Feyzioğlu'ndan 'İstifa edecek misiniz' sorusuna yanıt
TBB Başkanı Metin Feyzioğlu, "İstifa etmeyi düşünüyor musunuz?" sorusu üzerine, "İstifa etmemi gerektiren herhangi bir durum yok. Benle ilgili değil. Ben kanun koyucu değilim." dedi.
cumhuriyet.com.trTürkiye Barolar Birliği Başkanı Metin Feyzioğlu, gazeteci Cüneyt Özdemir'in YouTube kanalında açıklamalarda bulundu.
Baro başkanlarının yürüyüşüne ilişkin konuşan Feyzioğlu, "Neden detsek vermek yerine Anıtkabir'e gittiniz?" sorusuna, "biz o yürüyüşe katılmak istemedik. O da bizim hakkımız. Her dünya görüşünden insanın gittiği bir yer Anıtkabir. Benim önerdiğim programı bazı baro başkanları tasvip etmedi" diye yanıt verdi.
Feyzioğlu, "İstifa etmeyi düşünüyor musunuz?" sorusu üzerine ise, "İstifa etmemi gerektiren herhangi bir durum yok. Benle ilgili değil. Ben kanun koyucu değilim" dedi.
"Hepsi başımın üstüne, onlara tek söz söylenemez. Çünkü çok zor şartlarda sabahı ettiler ve temel hakları ihlal edildi. Silahsız saldırısız yürüyüş hakkı temel haktır. Ben 48 saattir ayaktayım, hiç uyumadım. Dün gece Barolar Birliği'nde sabah 5'e kadar telefon görüşmeleri yapıyordum.
Meclis başkanına hem şahsen gittim hem de en az dört kez aramışımdır. Saat 4.5-5. Çözüldü deniyor çözülmüyor. Soğuk yağmur yağıyor. Battaniye göndermek istiyorsunuz, içeri sokmakta sorun yaşıyorsunuz. Soktuk bir şekilde. Bir taraftan İbrahim Kalın'a mesaj atıyorum. Kiev'deymiş. Sayın Süleyman Soylu, sabah 9.30 gibi çözüyoruz. Bana birazcık vakit. Kaymakamların bir yemin töreni var. biter bitmez nasıl çözüleceğine dair sizi arayacağım' dedi.

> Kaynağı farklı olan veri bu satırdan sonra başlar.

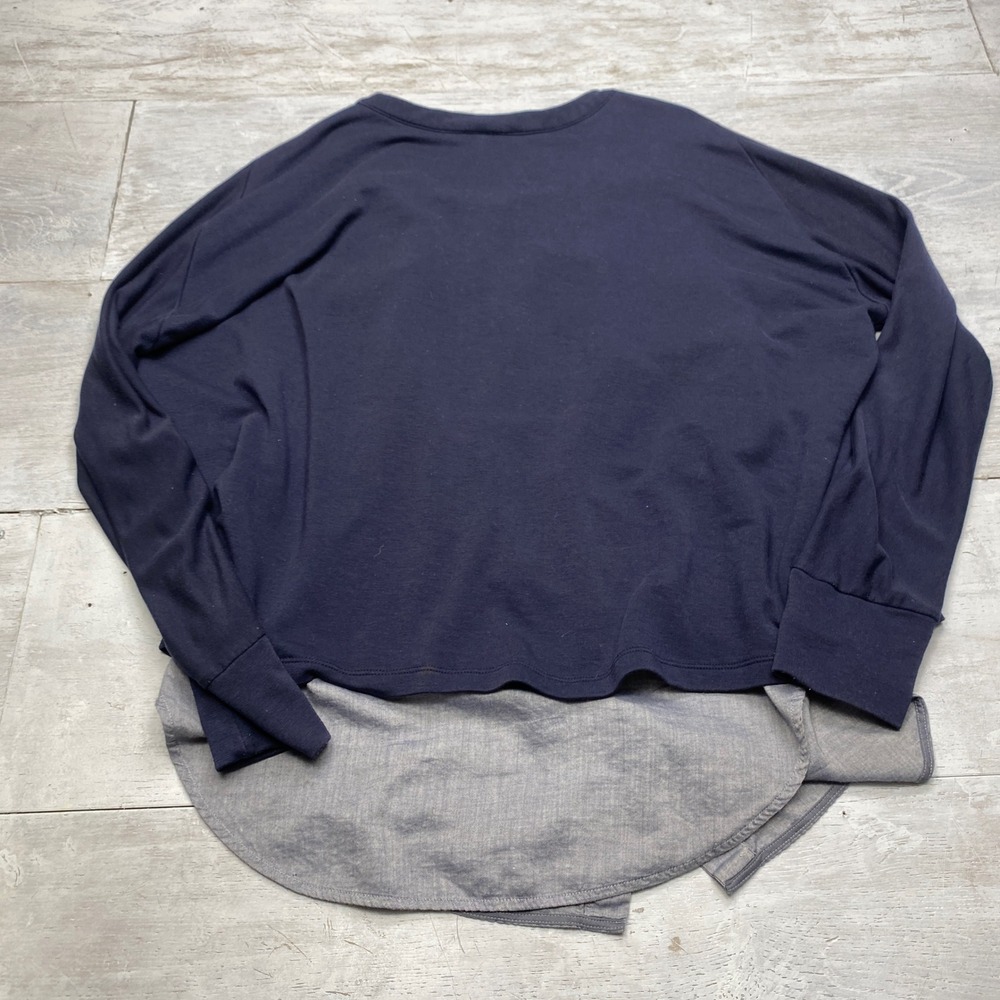 Vince Mixed Media Layered Top Womens S Navy Blue Long Sleeve Tencel Knit Blouse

Diliyorum iş çözülür. Yürüyorlarmış şimdi. Oradan Anıtkabir'e gideceklermiş. Bütün bunlar eğer o otobüslerin önü kesilmeseydi o kadar kardeşçe olacaktı ki. Herkes kendi tercih ettiği yolu izlemiş olacaktı. Yürümek istemeyenler de Anıtkabir'e gelecekti. Anlaşmayacaktık belki bazı baro başkanlarıyla ama uzaktan selamlaşacaktık. Anıtkabir'de buluşacak, bir ortak paydamız olacaktı. Ne kazandık buradan Türkiye olarak ben bunu soruyorum. (Bu soruyu kime soruyorsunuz?) Baro başkanlarına sormuyorum. Türkiye'ye soruyorum. Onlar Ankara'nın son 10 yılda gördüğü en şimşekli, yağmurlu günlerden birinde dışarıdalardı. Onlara şimdi hiçbir şey sormuyorum. Onlar istedikleri herkese kızabilirler."